High-Level Perceptual Similarity is Enabled by Learning Diverse Tasks
This work addresses the challenge of predicting human perceptual similarity for machine vision, but it is incremental as it builds on existing methods without introducing a new paradigm.
The paper tackled the problem of predicting human perceptual similarity by hypothesizing it emerges as a byproduct of learning diverse visual tasks, and achieved results that significantly surpass recent baselines on the Totally-Looks-Like benchmark, closing much of the reported gap.
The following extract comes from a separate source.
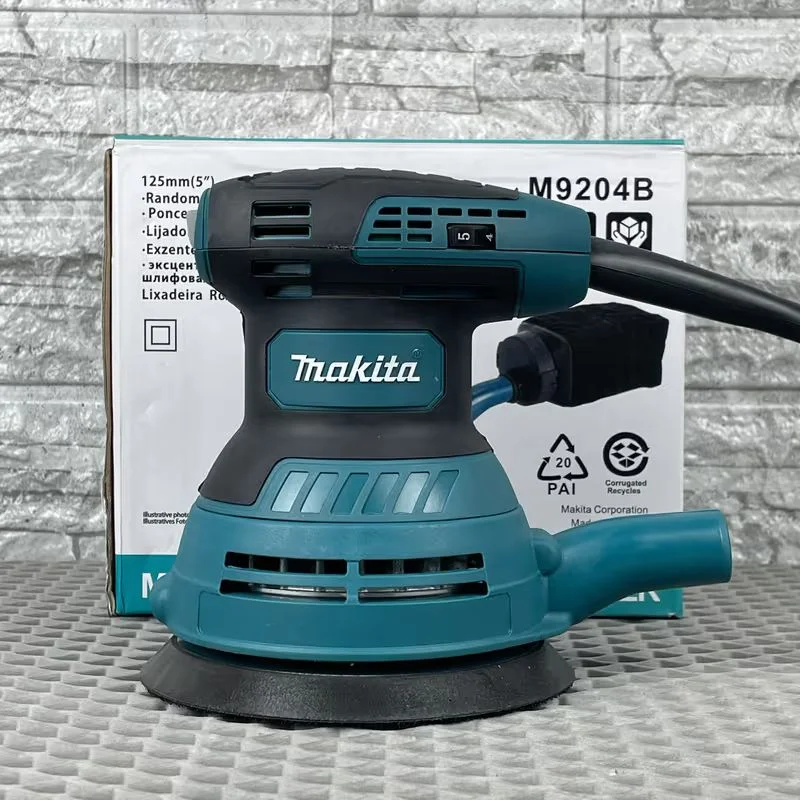 Эксцентриковая шлифовальная машина Makita - миниатюра 2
Predicting human perceptual similarity is a challenging subject of ongoing research. The visual process underlying this aspect of human vision is thought to employ multiple different levels of visual analysis (shapes, objects, texture, layout, color, etc). In this paper, we postulate that the perception of image similarity is not an explicitly learned capability, but rather one that is a byproduct of learning others. This claim is supported by leveraging representations learned from a diverse set of visual tasks and using them jointly to predict perceptual similarity. This is done via simple feature concatenation, without any further learning. Nevertheless, experiments performed on the challenging Totally-Looks-Like (TLL) benchmark significantly surpass recent baselines, closing much of the reported gap towards prediction of human perceptual similarity. We provide an analysis of these results and discuss them in a broader context of emergent visual capabilities and their implications on the course of machine-vision research.